November 2011
Howle's Hints

Jacked Up and Getting the Lead Out

We need more like Jesus and John Wayne. A lot of our problems on the national level would be solved with this approach. If we could love our neighbors like Jesus said we should, there would be a lot less need for welfare and other entitlement programs. When a need arises in our community, it would not take a government bailout or stimulus package to help folks. All it takes is a willingness to lend a helping hand. Jesus never sinned, so he never told a lie. When he said he would do something, he did it.

If we said what we meant and meant what we said, people wouldn’t have to guess where we stand. I guess that’s what I always like about John Wayne’s character in the movies. He was a man of few words, but, when he said something, you knew he meant it, and he was willing to ride for the brand and fight for what he knew to be right. I would love to see more politicians go to Washington with a John Wayne-mentality and actually do what they promised they would do, refuse to bend on principles, tell the simple truth without political double speak and, yes, maybe even knock the next one to suggest another stimulus package or government bailout out the saloon doors into the horse trough.

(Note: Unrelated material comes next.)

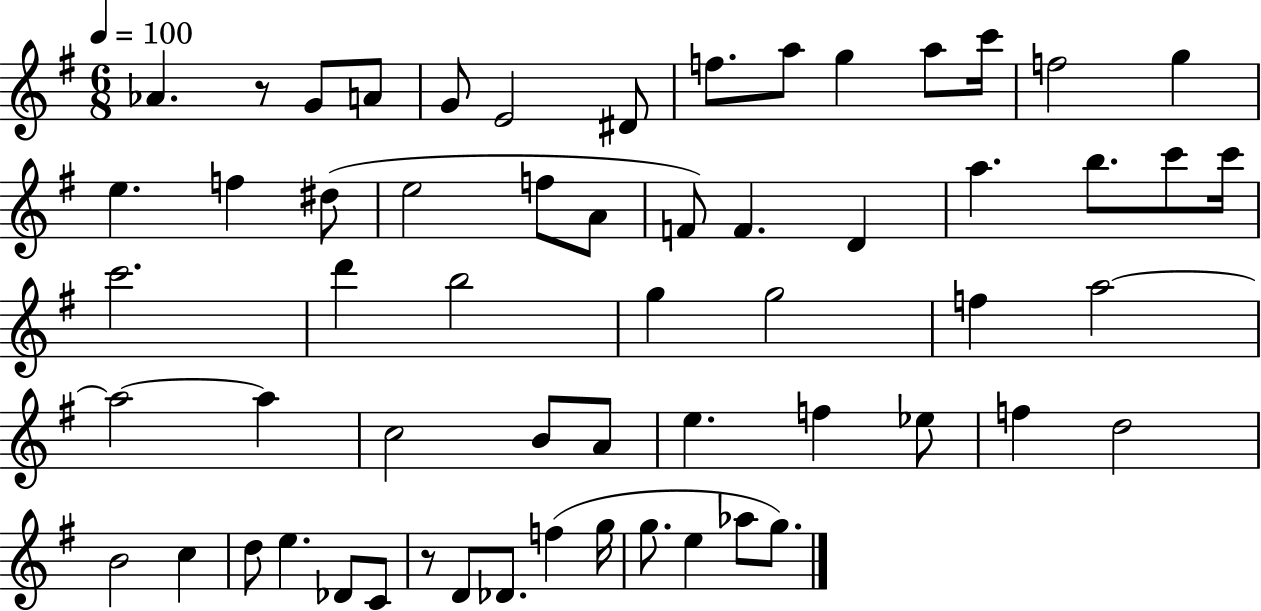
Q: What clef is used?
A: treble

Bottle jacks can be used to raise structures to level or get vehicles out of the mud.

Jacked Up

A 12-ton bottle jack is a handy implement to keep in the tool box of a pickup. It works well for jacking a truck out of the mud or changing a tire, and it can be used to jack up the corner of a hunting cabin to level the structure with cap blocks and planks. Keep varied thicknesses of planks available for placing under the jack stand for additional height. To make it easier to carry, choose a bottle jack with handles on both sides.

Cope with Your Scope

A scope adjusted to the lowest power and possessing reasonable light-gathering properties is sufficient in most hunting situations. If you have the scope adjusted to its highest power, when an animal does appear, it will be difficult to set the crosshairs. Often, all you’ll see through the scope is a close-up of fur.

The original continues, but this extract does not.